Hydrogen can also help balance power supply from variable renewable energy sources. Large volumes of hydrogen produced by renewable power can be compressed and stored in geologic formations. This provides an opportunity to store surplus energy long-term and can help accommodate variations in energy demand and support renewable energy when those power supplies may be interrupted. Stored hydrogen can be converted to power on demand or be used as gas and integrated into natural gas systems, building stronger connections between the electricity and natural gas sectors.

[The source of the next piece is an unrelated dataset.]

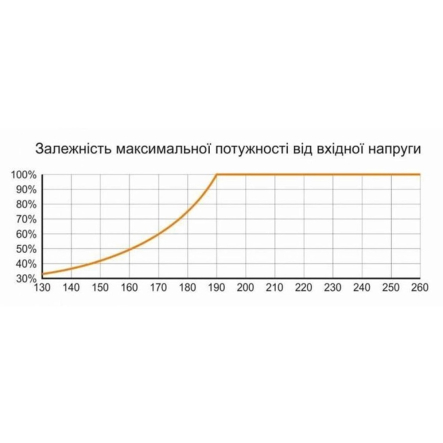 Стабілізатор напруги ElectrO HCT10EL4, 1000 BA, 140-260 В, 4 розетки, електронний - 3
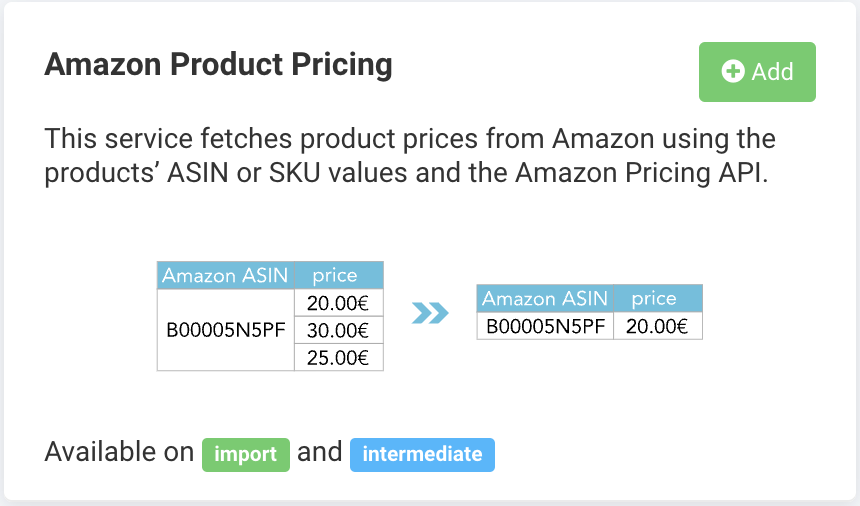 Amazon Product Pricing data service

To reduce the carbon intensity in the power generation sector, hydrogen-powered gas turbines can also provide low-carbon solutions for electricity generation. Hydrogen can ensure energy system security while adding flexibility to how electrical power in Alberta is generated,supplied and stored. Air Products and Capital Power are both working on hydrogen power, learn more in economic opportunities or for more information on generation and storage standards see Hydrogen 101.


Hydrogen has received significant global interest as a compelling option to decarbonize commercial and residential heating systems. Hydrogen use in heating applications includes appliances such as furnaces, boilers, water heaters, gas fireplaces, stoves, and laundry dryers.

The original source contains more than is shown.